Feature/Optional fine-grained POS (#11)

asajatovic · web-flow · commit 934e9ad1f06d · 2020-03-21T19:55:40.000+01:00
* Update README.md * Fix #10
diff --git a/README.md b/README.md
@@ -14,7 +14,7 @@ Use the package manager [pip](https://pip.pypa.io/en/stable/) to install spacy-u
 pip install spacy-udpipe
 ```
 
-After installation, use `spacy_udpipe.download(lang)` to download the pre-trained model for the desired language.
+After installation, use `spacy_udpipe.download(<language ISO code>)` to download the pre-trained model for the desired language.
 
 ## Usage
 The loaded UDPipeLanguage class returns a spaCy [`Language` object](https://spacy.io/api/language), i.e., the nlp object you can use to process text and create a [`Doc` object](https://spacy.io/api/doc).
@@ -32,32 +32,42 @@ for token in doc:
     print(token.text, token.lemma_, token.pos_, token.dep_)
 
 ```
-As all attributes are computed once and set in the custom [`Tokenizer`](https://spacy.io/api/tokenizer), the `nlp.pipeline` is empty.
+As all attributes are computed once and set in the custom [`Tokenizer`](https://spacy.io/api/tokenizer), the `Language.pipeline` is empty.
+
+#### Loading a custom model
+The following code snippet demonstrates how to load a custom `UDPipe` model (for the Croatian language):
+```python
+import spacy_udpipe
+
+nlp = spacy_udpipe.load_from_path(lang="hr",
+                                  path="./custom_croatian.udpipe",
+                                  meta={"description": "Custom 'hr' model"})
+text = "Wikipedija je enciklopedija slobodnog sadržaja."
+
+doc = nlp(text)
+for token in doc:
+    print(token.text, token.lemma_, token.pos_, token.dep_)
+```
+This can be done for any of the languages supported by spaCy. For an exhaustive list, see [spaCy languages](https://spacy.io/usage/models#languages).
 
 ## Authors and acknowledgment
-Created by [Antonio Šajatović](http://github.com/asajatovic)
-during an internship at [Text Analysis and Knowledge Engineering Lab (TakeLab)](http://takelab.fer.hr/).
+Created by [Antonio Šajatović](http://github.com/asajatovic) during an internship at [Text Analysis and Knowledge Engineering Lab (TakeLab)](http://takelab.fer.hr/).
 
 ## Contributing
 Pull requests are welcome. For major changes, please open an issue first to discuss what you would like to change.
 
-Please make sure to update tests as appropriate.
-
-Tests are run automatically for each pull request on the master branch.
-To start the tests locally, just run [`pytest`](https://docs.pytest.org/en/latest/contents.html) in the root source directory.

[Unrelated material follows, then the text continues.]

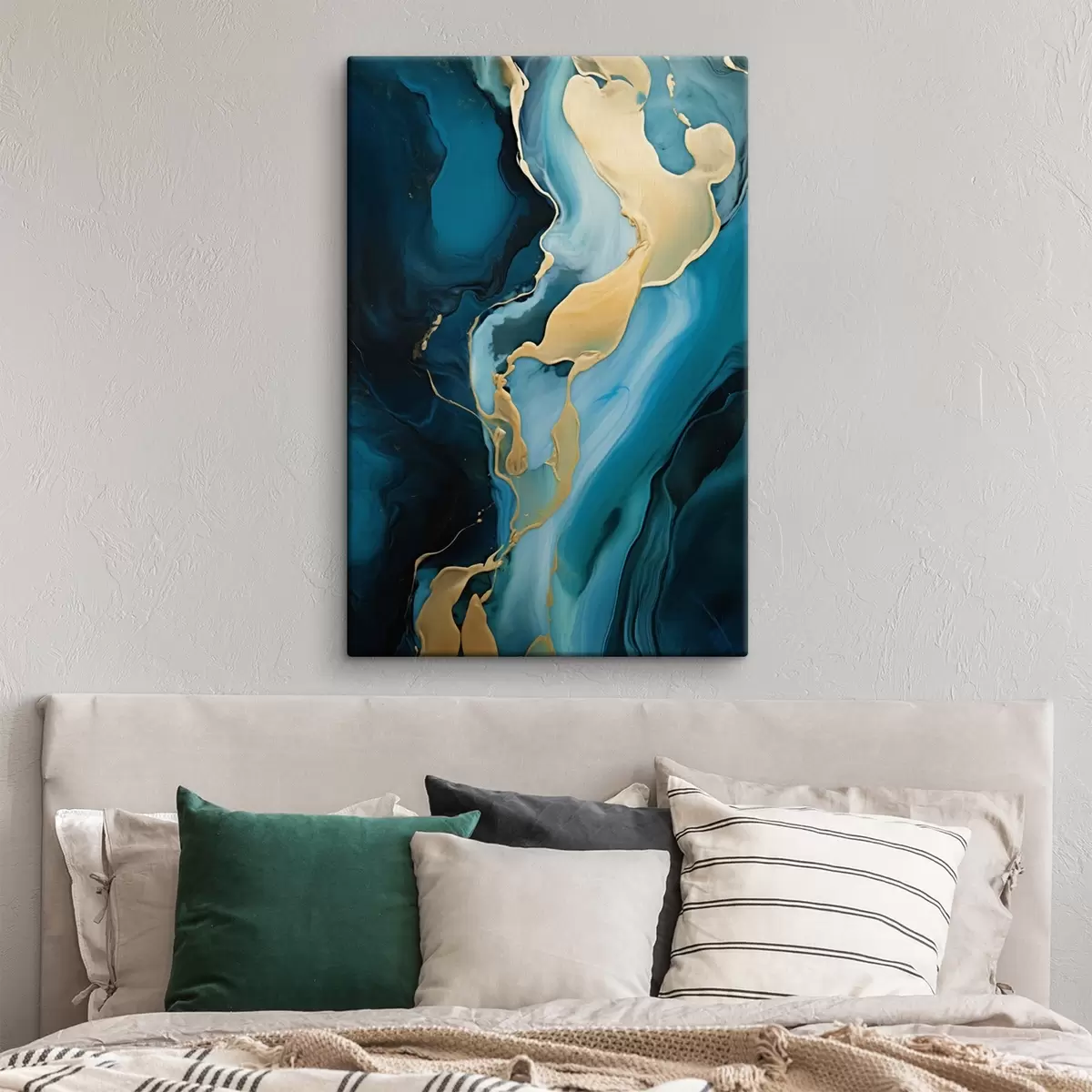 Obraz Modrozelený abstraktní vzor s okrovým pruhem Č. s46530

+Please make sure to update tests as appropriate. Tests are run automatically for each pull request on the master branch. To start the tests locally, just run [`pytest`](https://docs.pytest.org/en/latest/contents.html) in the root source directory.
 
 ## License
-[MIT](https://choosealicense.com/licenses/mit/)  © TakeLab
+[MIT](https://choosealicense.com/licenses/mit/)  © Text Analysis and Knowledge Engineering Lab (TakeLab)
 
 ## Project status
 Maintained by [Text Analysis and Knowledge Engineering Lab (TakeLab)](http://takelab.fer.hr/).
 
 ## Notes
 * All available pre-trained models are licensed under [CC BY-NC-SA 4.0](https://creativecommons.org/licenses/by-nc-sa/4.0/).
 
-* All annotations match with Spacy's, except for token.tag_, which map from [CoNLL](https://universaldependencies.org/format.html) XPOS tag (language-specific part-of-speech tag), defined for each language separately by the corresponding [Universal Dependencies](https://universaldependencies.org/) treebank.
-
-* Full list of supported languages and models is available in [`languages.json`](https://github.com/TakeLab/spacy-udpipe/blob/master/spacy_udpipe/languages.json).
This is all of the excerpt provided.